■ **Work to complete**: A faithful copy of the data is what is wanted, minus any pictures.

■ **Material provided**:
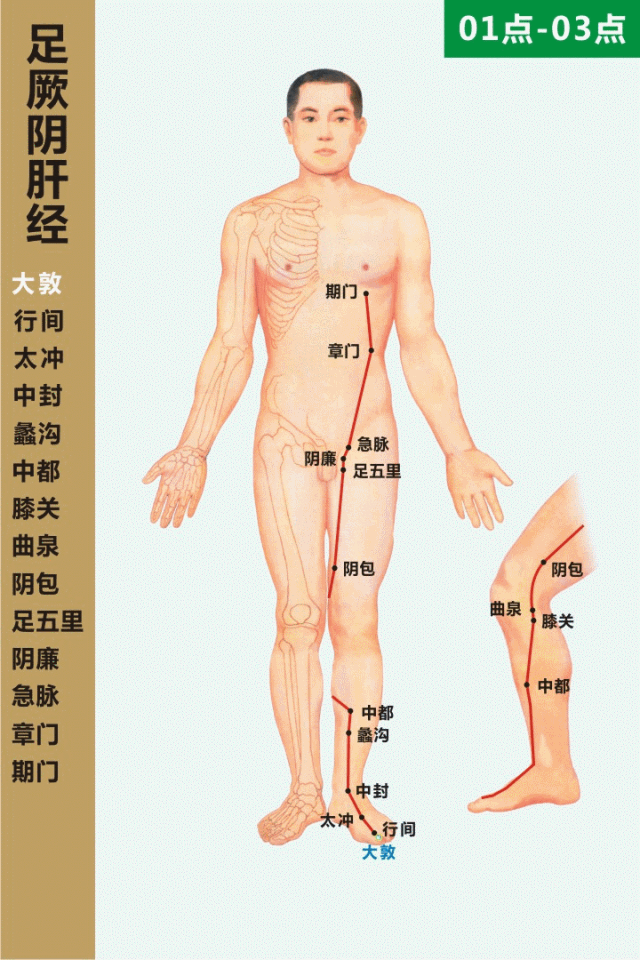 Diagram of the Twelve Meridians (Latest)
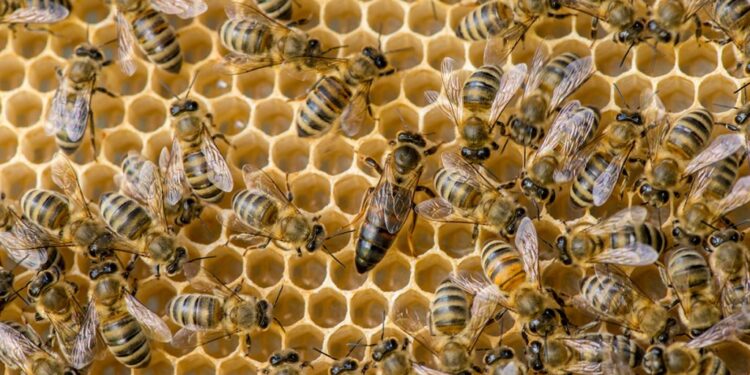Dubréka : Un homme succombe à une attaque d’abeilles à Tanènè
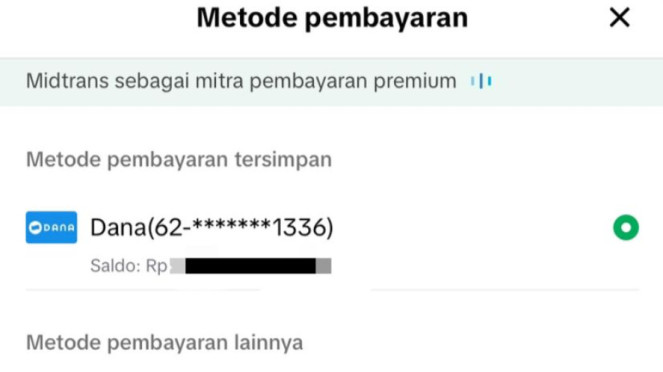Cek Saldo DANA di aplikasi lain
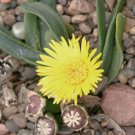 Glottiphyllum Sb650 Lemoenshoek Rare Living Stones Exotic Mesembs Seed 20 Seeds Fresh Garden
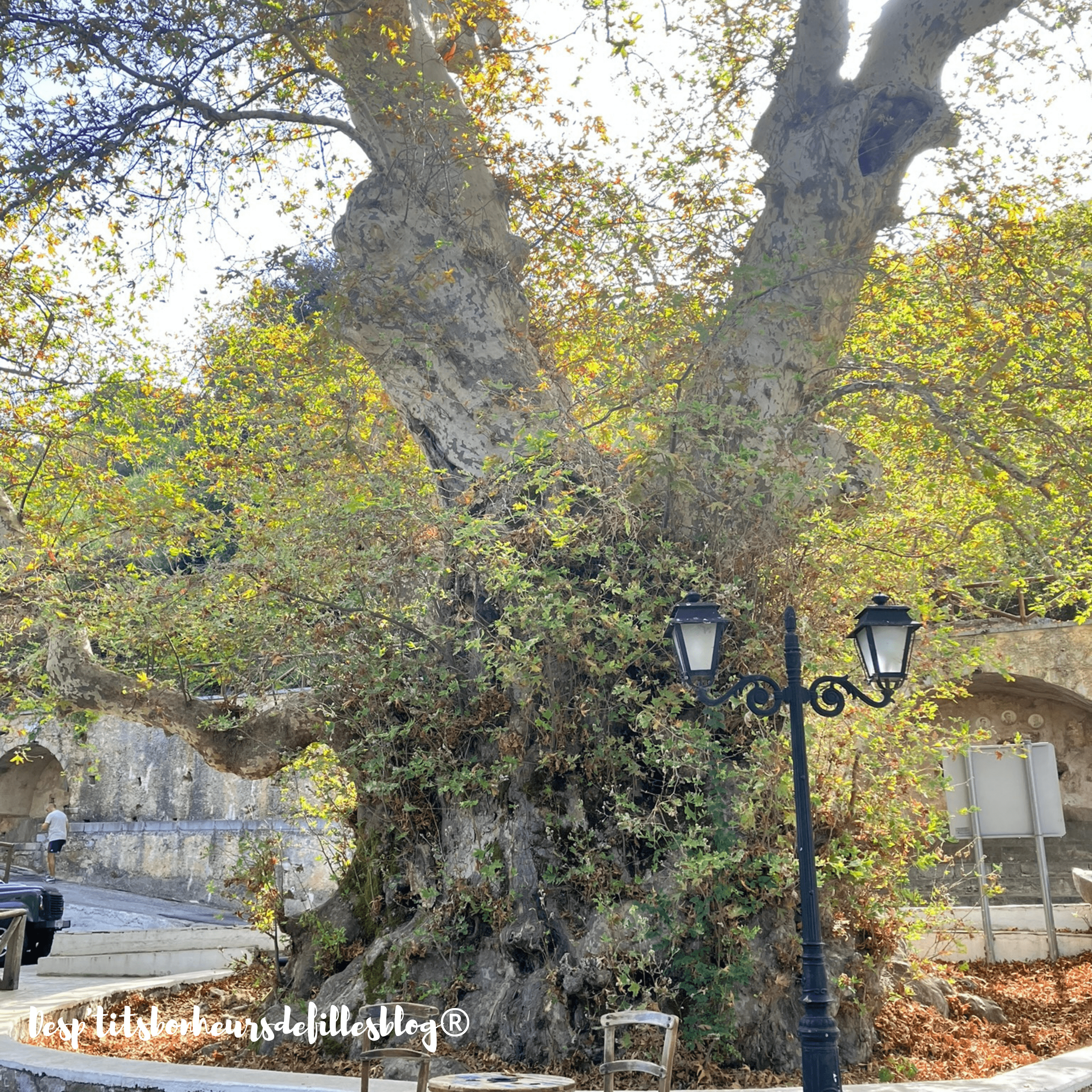 plus vieil arbre crete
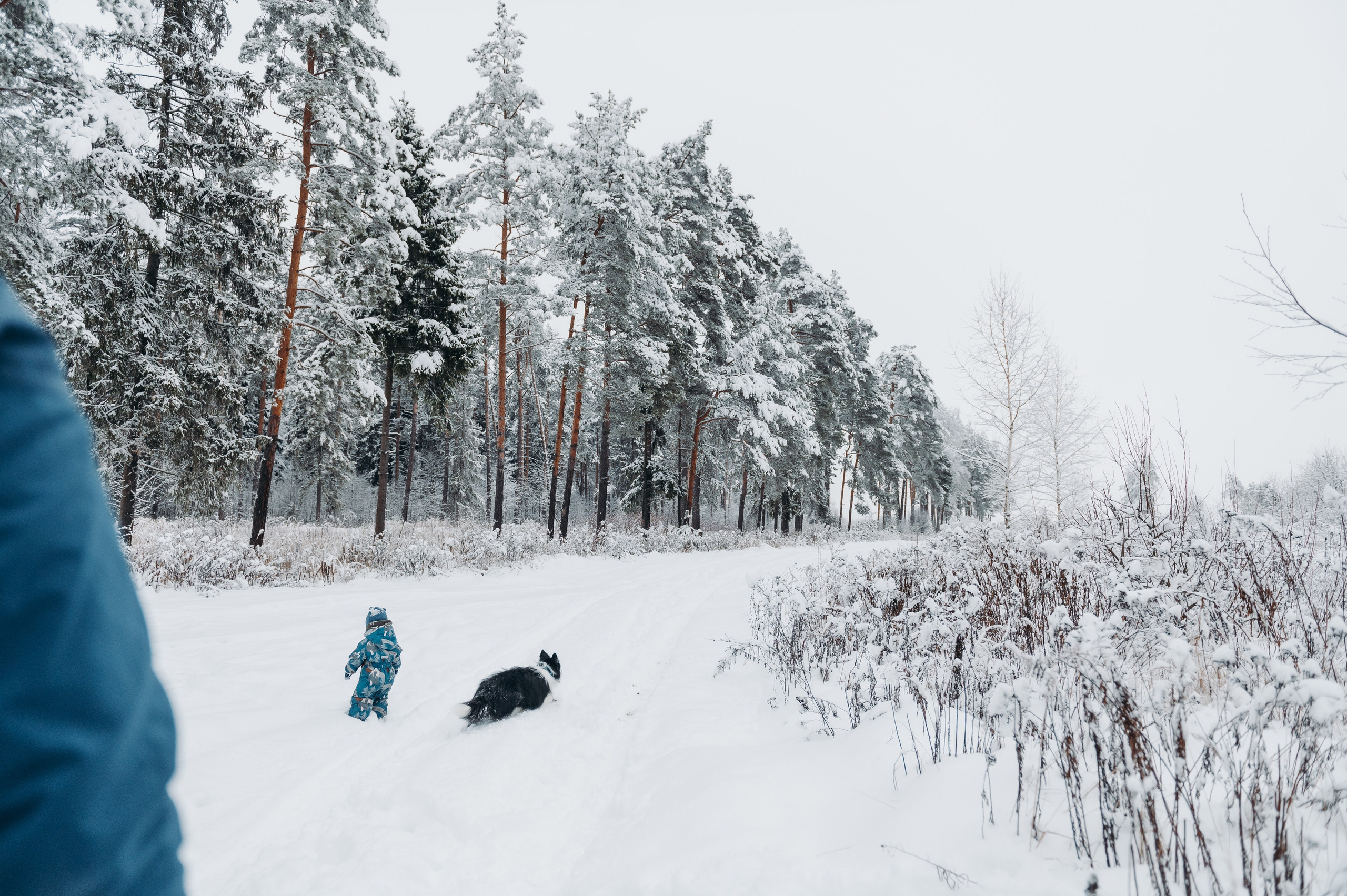 Снежная прогулка. Главная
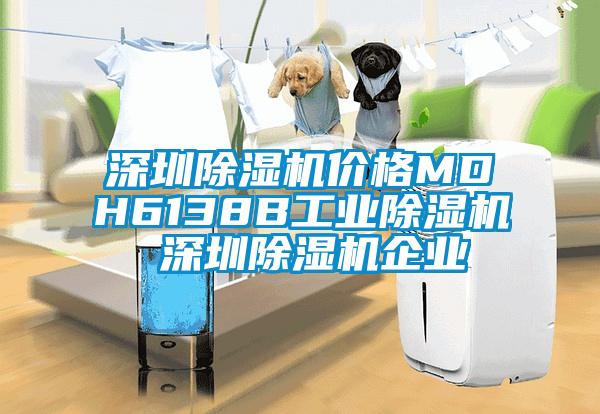 东莞除湿机价格MDH6138B万向娱乐除湿机 东莞除湿机企业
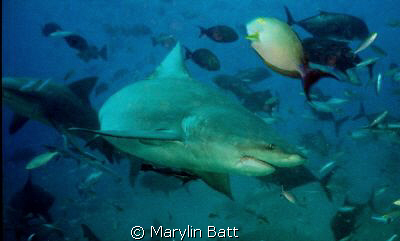 Here's looking at you babe.  Shark giving us the eye by Marylin Batt 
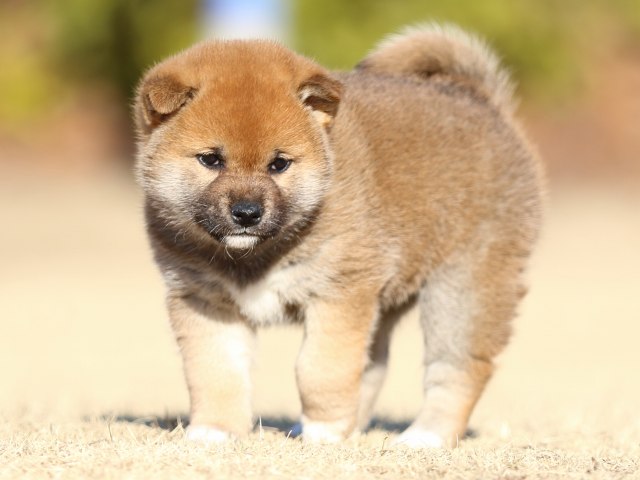 FP5A3227-puppy FP5A3227-puppy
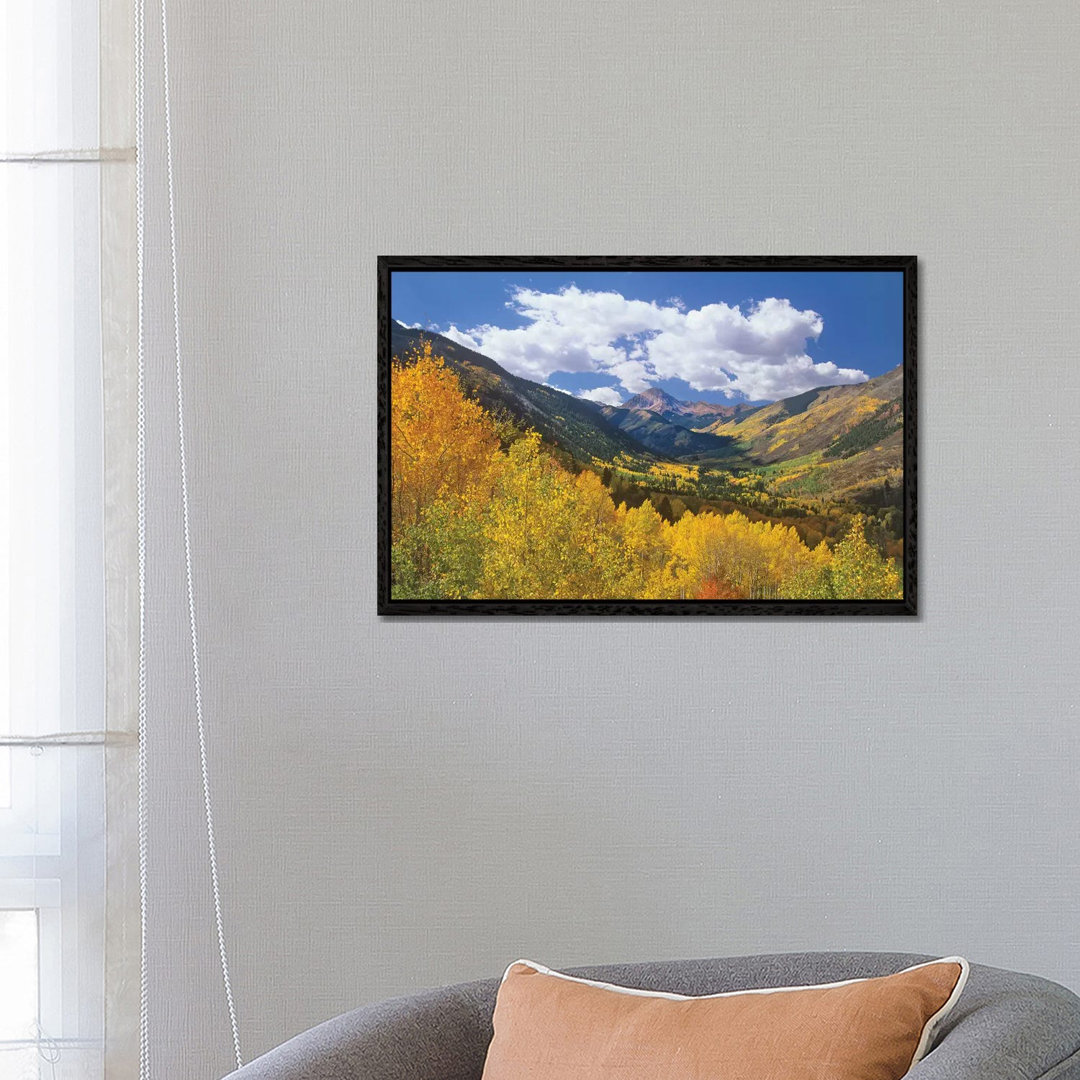 Haystack Mountain With Aspen Forest, Maroon Bells-Snowmass Wilderness, Colorado von Tim Fitzharris - Gallery-Wrapped Can...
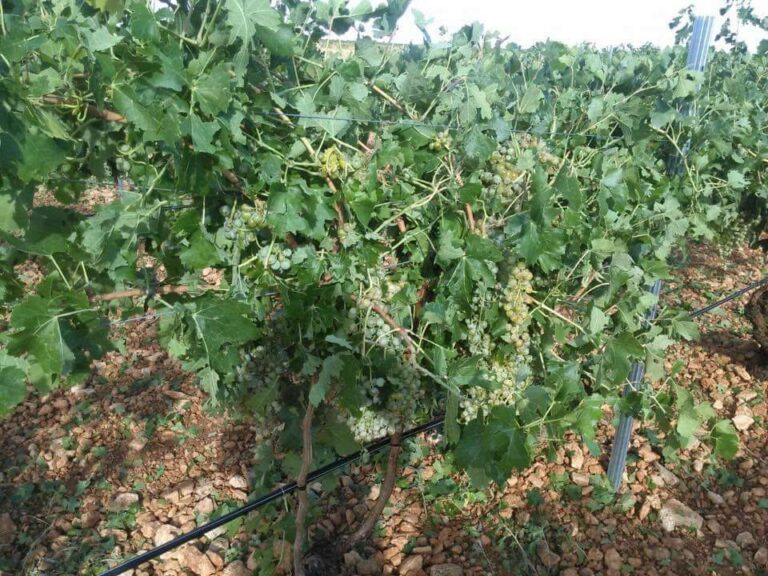La Agencia estatal de meteorología establece nivel de alerta amarilla en La Mancha por lluvias para la tarde de hoy martes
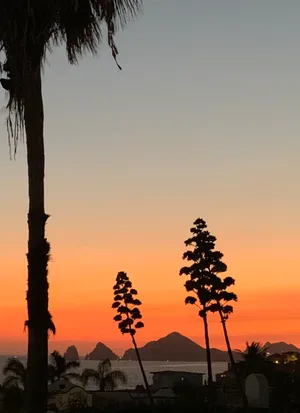 Sunset view with palm trees and mountains in silhouette.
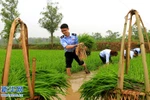 Công chức mới phải xuống ruộng với dân trong thời gian thử việc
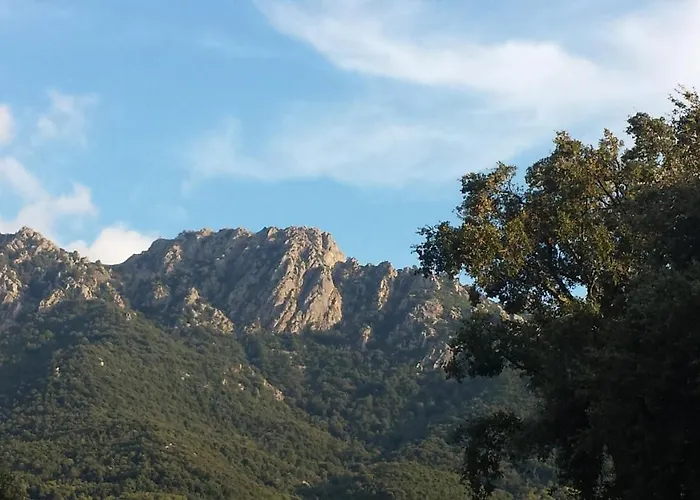 A Cantina Avec Piscine Proche D Ajaccio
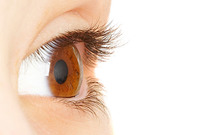 �ڷγ�19, �����ε� ���� ���ɼ����ḷ�� ���� ��Ÿ��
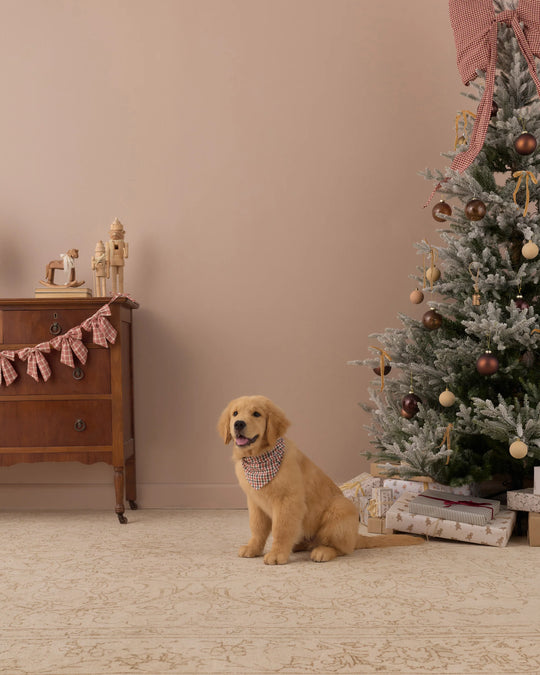 Rylee + Cru - Holiday Gingham Dog Bandana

■ **Finished exercise**:
 Diagram of the Twelve Meridians (Latest)
Dubréka : Un homme succombe à une attaque d’abeilles à Tanènè
Cek Saldo DANA di aplikasi lain
 Glottiphyllum Sb650 Lemoenshoek Rare Living Stones Exotic Mesembs Seed 20 Seeds Fresh Garden
 plus vieil arbre crete
 Снежная прогулка. Главная
 东莞除湿机价格MDH6138B万向娱乐除湿机 东莞除湿机企业
 Here's looking at you babe.  Shark giving us the eye by Marylin Batt 
 FP5A3227-puppy FP5A3227-puppy
 Haystack Mountain With Aspen Forest, Maroon Bells-Snowmass Wilderness, Colorado von Tim Fitzharris - Gallery-Wrapped Can...
La Agencia estatal de meteorología establece nivel de alerta amarilla en La Mancha por lluvias para la tarde de hoy martes
 Sunset view with palm trees and mountains in silhouette.
 Công chức mới phải xuống ruộng với dân trong thời gian thử việc
 A Cantina Avec Piscine Proche D Ajaccio
 �ڷγ�19, �����ε� ���� ���ɼ����ḷ�� ���� ��Ÿ��
 Rylee + Cru - Holiday Gingham Dog Bandana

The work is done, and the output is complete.